In 1951, historian Jacques Barzun, literary critic Lionel Trilling, and poet W. H. Auden sat down together and formed a book club. The Readers’ Subscription (no relation to the current club of that name), later reconstituted as the Mid-Century Book Society, provided its members with recently published works of literature and history selected by these three celebrated men of letters. "Poets and Professors," wrote Auden, "and all those whose love of books exceeds their love of automobiles will welcome a chance to save in excess of 50 percent on their book purchases." Each month a newsletter carried an essay— enthusiastic, learned, personal—on the club’s main selection, and 45 of those pieces have been collected here.

It’s a wonderful book, as exciting and pleasurable a gathering of essays as anyone could ask for. Auden on the Short Novels of Colette must be one of the best book reviews ever written. He opens, "For years I resisted every recommendation to read her"; in the middle, cites a passage "so beautiful one could cry"; and ends with a ringing statement, after summing up Colette’s virtues: "I am reminded of only one other novelist, Tolstoy." In a piece on Philip Larkin and Geoffrey Hill, Auden describes how he approaches a new book of poems, "from the part to the whole," looking for a single striking line, and then sampling a stanza, and finally perusing the complete volume, "comparing one poem with another," to discover whether the poet "possesses what I value most of all, a world and tone of voice of his own." Robert Graves, needless to say, displays the requisite distinctiveness, for "he has been one of the very few poets whose volumes I have always bought the moment they appeared."

As a man who lived by his pen, Auden might be expected to write engagingly, but, to my surprise, his partners from Columbia University are just as entertaining. Trilling could be earnest and pontifical in some of his literary criticism; in these pages, though, he writes boldly about the "obsessive, corrosive, desperate, highly psychologized" depictions of love in Lawrence Durrell’s Alexandria Quartet, tosses out aperçus about the notion of will in classic fiction, and observes that the magic-realist stuff in Durrell may be "all storyteller’s nonsense, the usual mystery of the East, but it consorts with my sense of the way people ought to be, in a novel at any rate—that is to say, objects of wonder." Elsewhere, Trilling reflects on Kenneth Clark’s The Nude, the work of James Baldwin, Lord of the Flies, The Wind in the Willows, Ingmar Bergman’s films, and Kenneth Tynan’s early theater criticism—and in every case the result is shrewd, unexpected, and sometimes moving. Who else would have remarked on the "Vergilian sadness" and "Lucretian desperateness" of Ulysses and Remembrance of Things Past?

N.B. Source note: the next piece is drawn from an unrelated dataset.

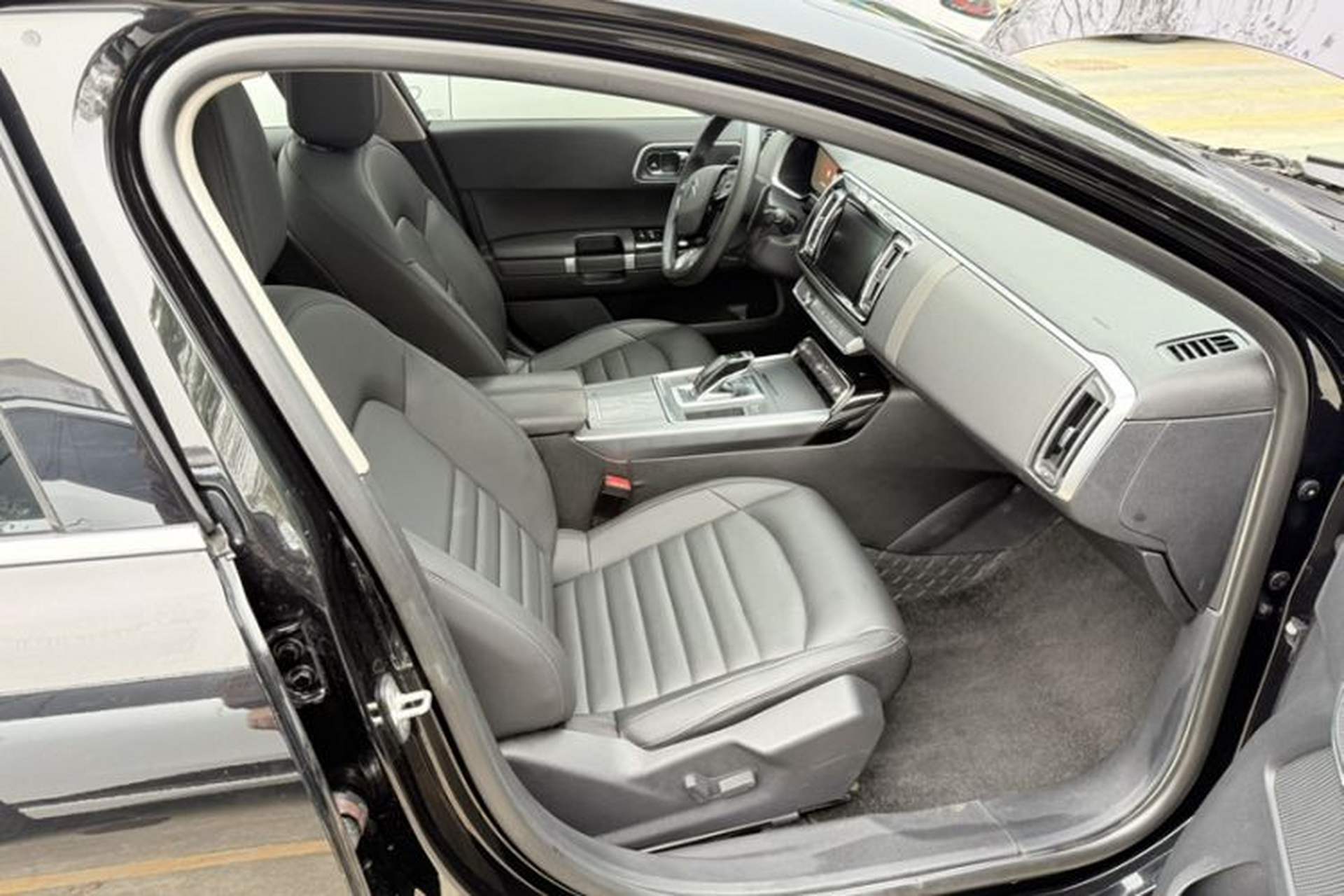 Used Citroen C6 2022 400THP Co-Creation Edition Interior 5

Well, Barzun might have. Even 50 years ago, the author of last year’s From Dawn to Decadence possessed a magisterial grasp of art, history, and just about everything cultural. Barzun suggests that Montaigne’s motto "Que sçay-je?" might be slangily translated as "Don’t be too sure," reminds us while praising Hugh Trevor-Roper’s Men and Ideas that history should give "pleasure and instruction," notes that Erwin Panofsky’s 15 pages on Dürer’s famous print Melencolia are this distinguished scholar’s "critical masterpiece," suggests that Molière’s Misanthrope may be "the comedy of comedies," and proclaims Bernard Shaw "the greatest master of English prose since Swift."

Though one may quarrel with aspects of Krystal’s introduction—like his teacher Barzun, he pretty much loathes academia’s current focus on theory—one can have no argument with his taste or his punctilious scholarship. He provides a full bibliographical record of all the articles written for the newsletter by its editors, not just those included here. I only wish he had been able to reprint all 173 of them. I want to read Auden on C. S. Lewis’s history of English literature in the 16th century, and Barzun on Spengler, and Trilling on Claude Lévi-Strauss. There really were giants on the earth in those days.